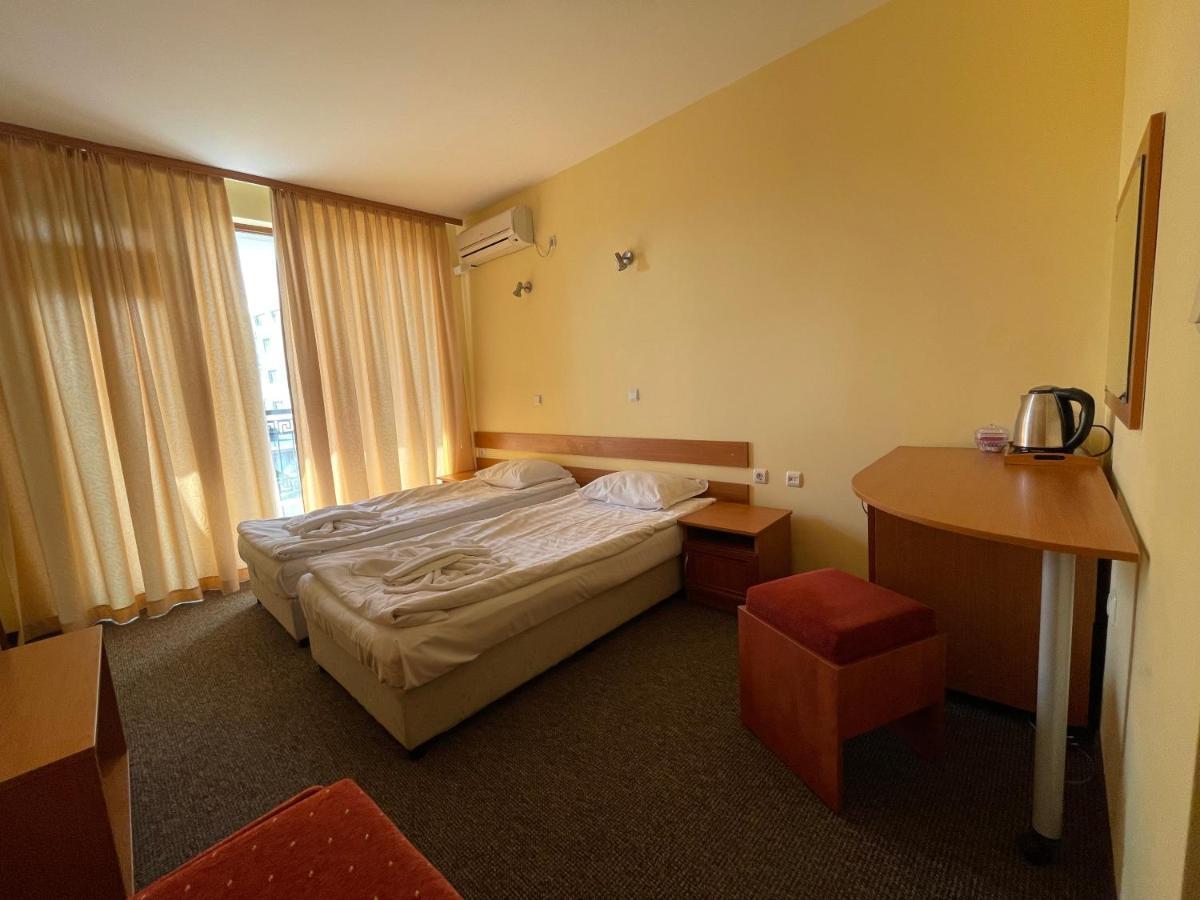 Family Hotel Deykin Slantchev Briag Extérieur photo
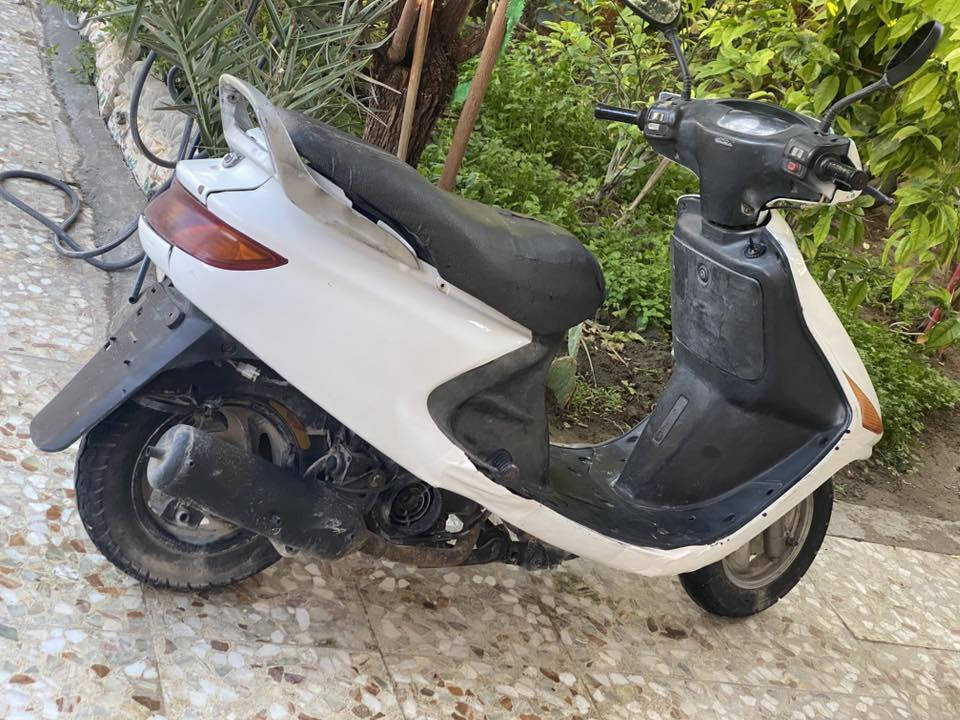 السلام عليكم دراجة فراشة 
سلف هندر كهربائيات كلها شغالة 
محرك حلو 
دراجة بحالة جيدة جداً 
السعر 270 الف
العنوان حلة مركز - ***********
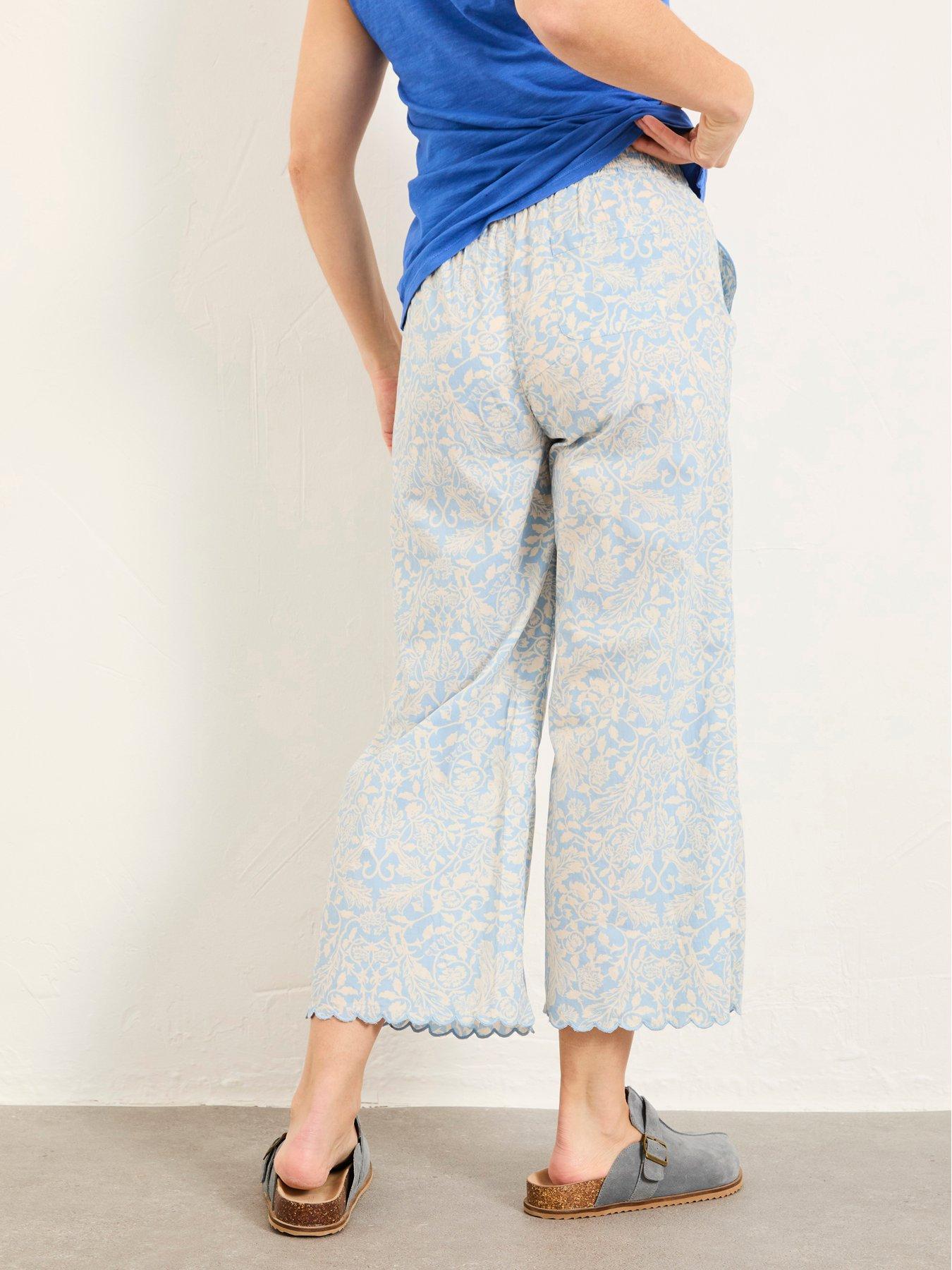 fatface-lola-cropped-floral-pyjama-pants-bluestillFront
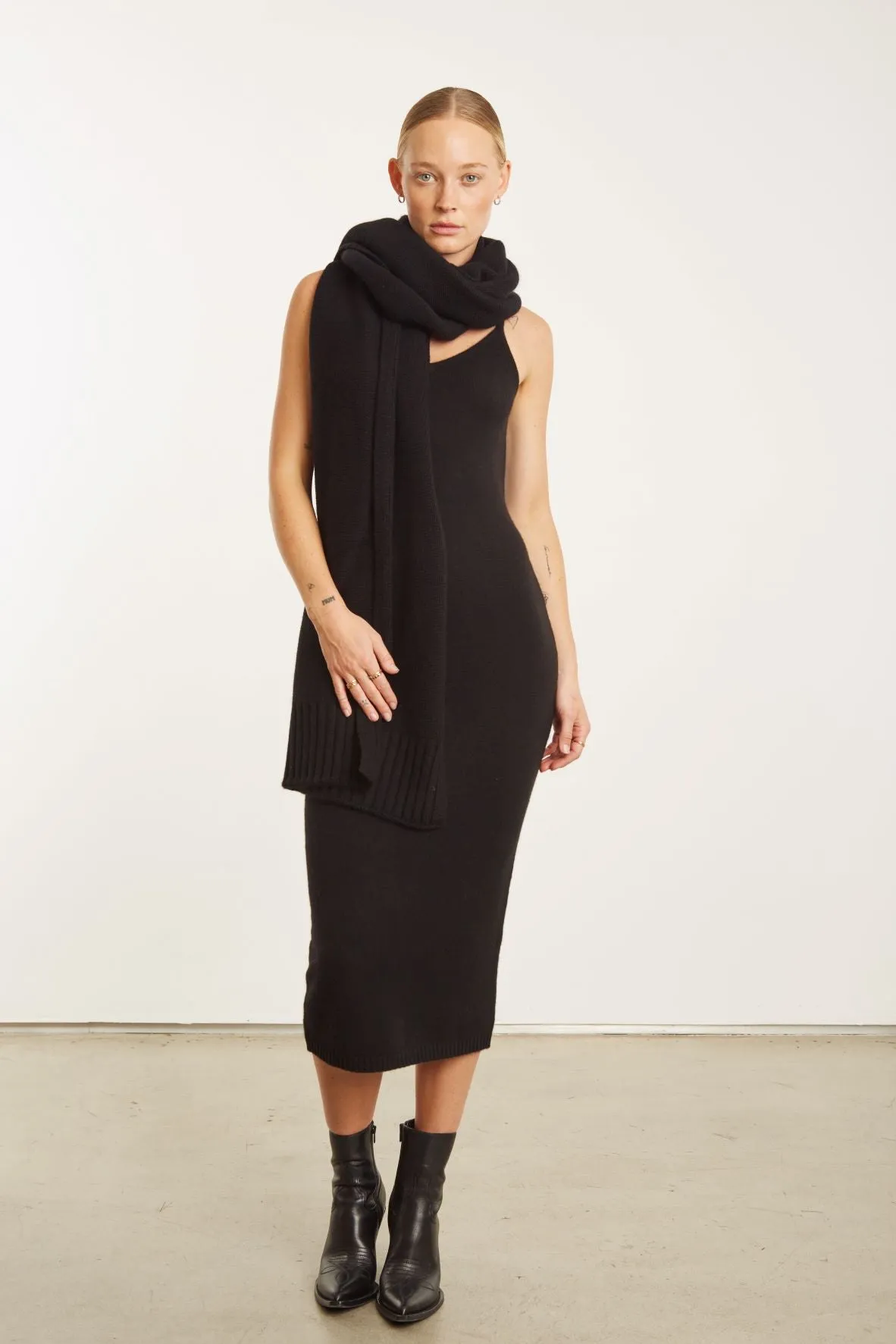 Black Cashmere Wrap Scarf sold by SPRWMN product image thumbnail 3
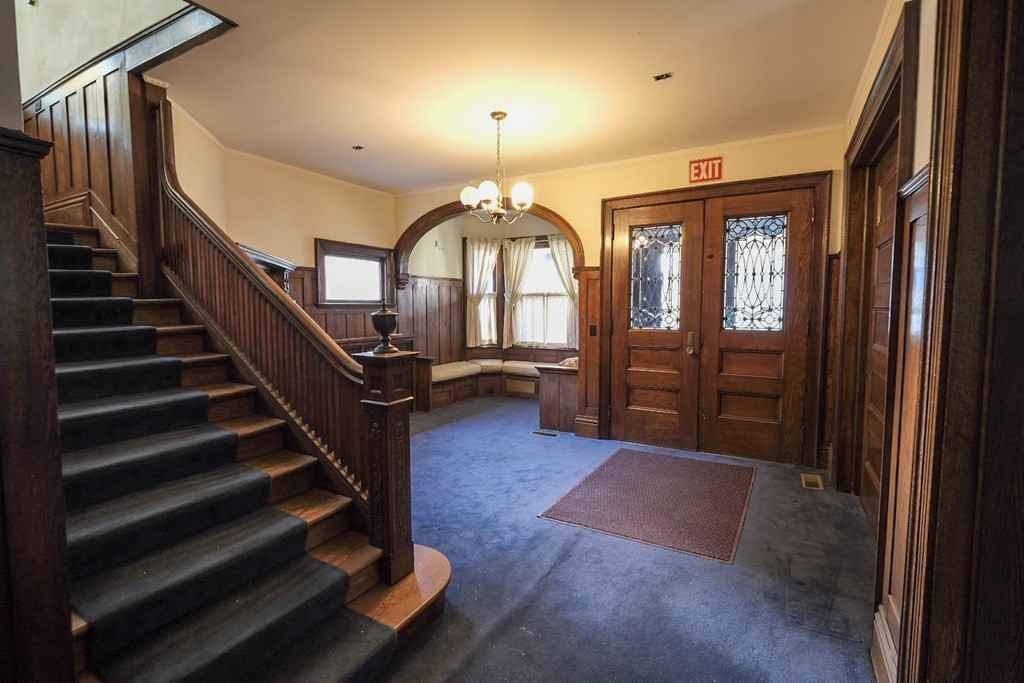 1903 in Elmira, NY Old House Dreams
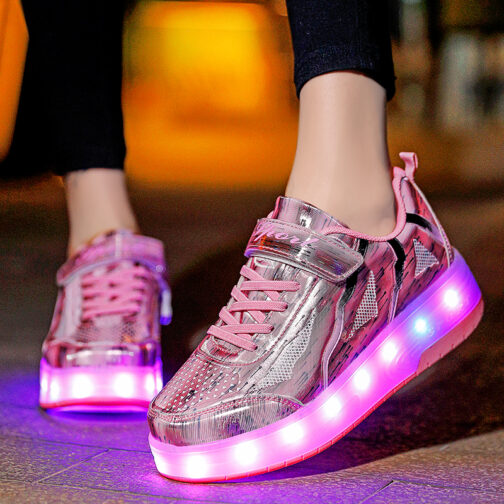 Roller Skates Girls Boys Kids Light Up Shoes Wheeled Skate LED Sneakers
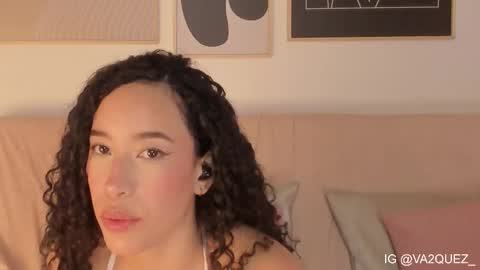 Sara online show from February 1, 2:32 am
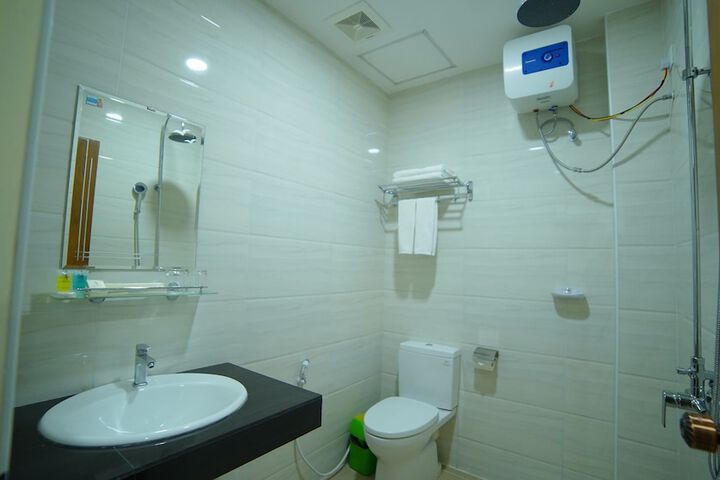 Room 11 of 21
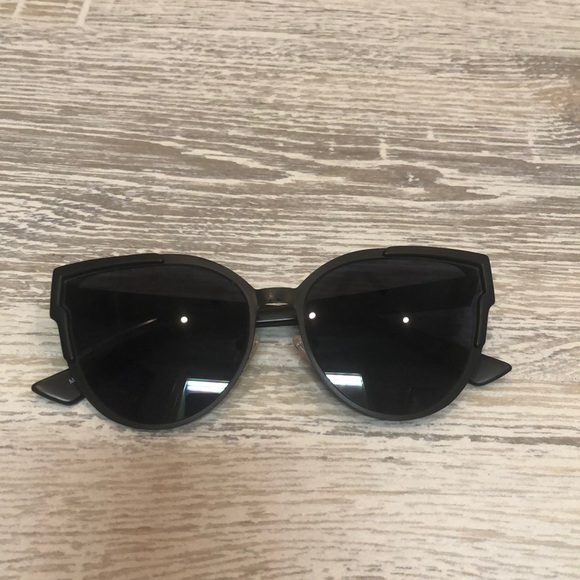 Quay sunglasses - Picture 1 of 2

******

* [Problem to solve]
Write out, exactly as they appear, the lines from the one containing "1903 in Elmira, NY Old House Dreams" through the end of the material above, excluding pictures.

* [Solution]
 1903 in Elmira, NY Old House Dreams
 Roller Skates Girls Boys Kids Light Up Shoes Wheeled Skate LED Sneakers
 Sara online show from February 1, 2:32 am
 Room 11 of 21
 Quay sunglasses - Picture 1 of 2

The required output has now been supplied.